Dan Weinreb dlw@itasoftware.com writes:
Thanks for that link.
Cases like this, in which an illegal sequence is explicitly transformed into another illegal sequence, would meet with a lot of resistance from folks who care about security.
Assuming you're referring to UTF-8B, it should be pointed out (as James already did) that it's not specified by Unicode and I would add that it certainly isn't a general-purpose encoding.
James also points out that UTF-8B in fact follows the guidelines put forward by TR36. Not that surprising since UTF-8B was, after all, proposed by a Unicode expert.
It's important not to do anything outside the definition. Your objection to CODE-CHAR returning NIL is incompatible with the Unicode concept of "Noncharacters". See the Unicode report section 16.7.
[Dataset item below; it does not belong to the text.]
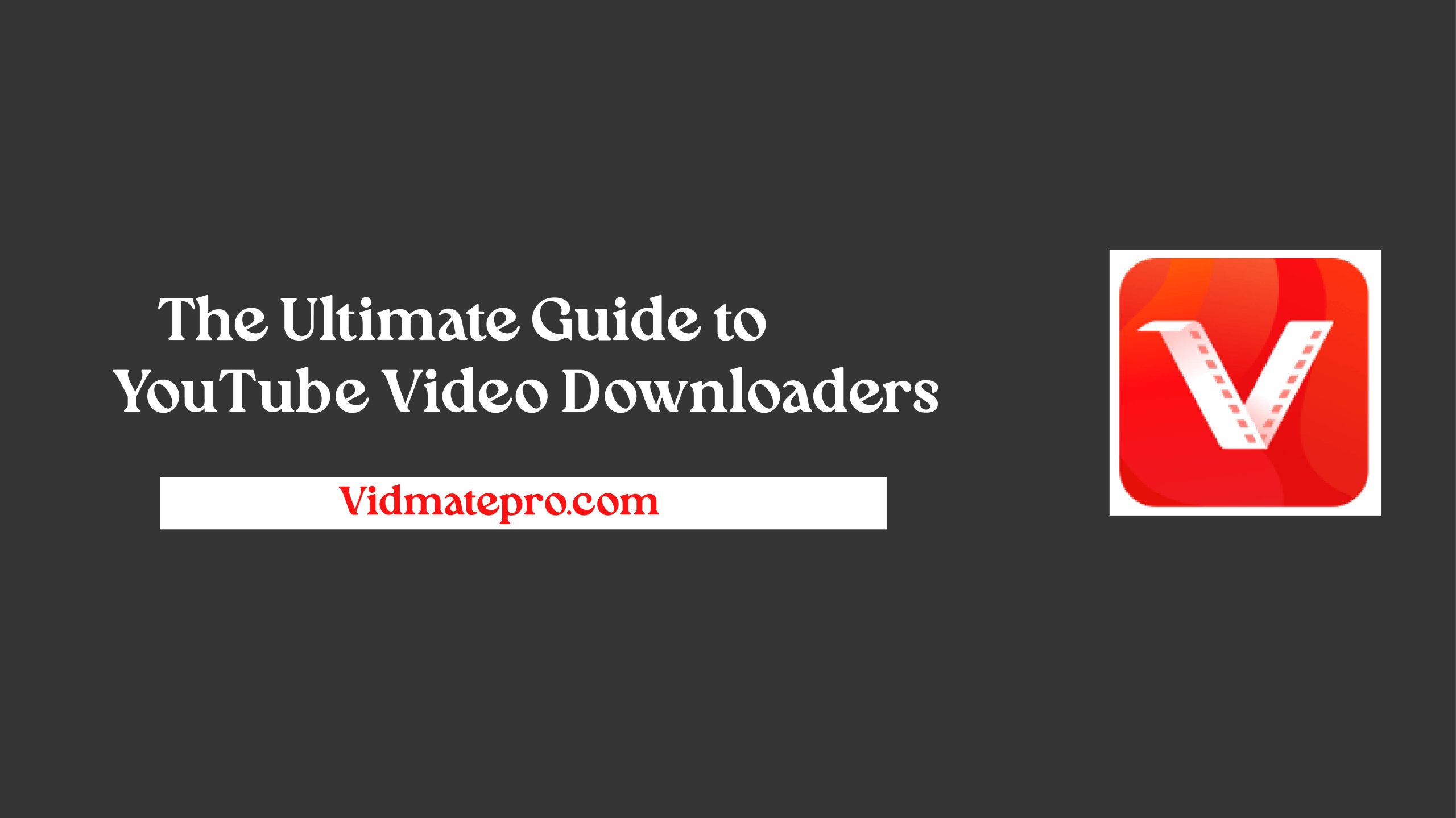 YouTube Video Downloaders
Well, that section says that the "Unicode Standard sets aside 66 noncharacter code points", and proceeds to specify them. CCL's CODE-CHAR returns *non-NIL* for all of those codes -- at least in the oldish version I have installed. A few comments about that:
1. Though Gary has hinted that he would like CCL to return NIL for these codes, it's probably a good thing that CODE-CHAR currently returns non-NIL for noncharacters. In the next paragraph from that section, the standard says that "applications are free to use any of these noncharacter code points internally".
2. Surrogate code points are not "noncharacters". The extra code points used by UTF-8B to represent invalid bytes are a subset of the surrogate code points. This distinction is probably not very useful, though.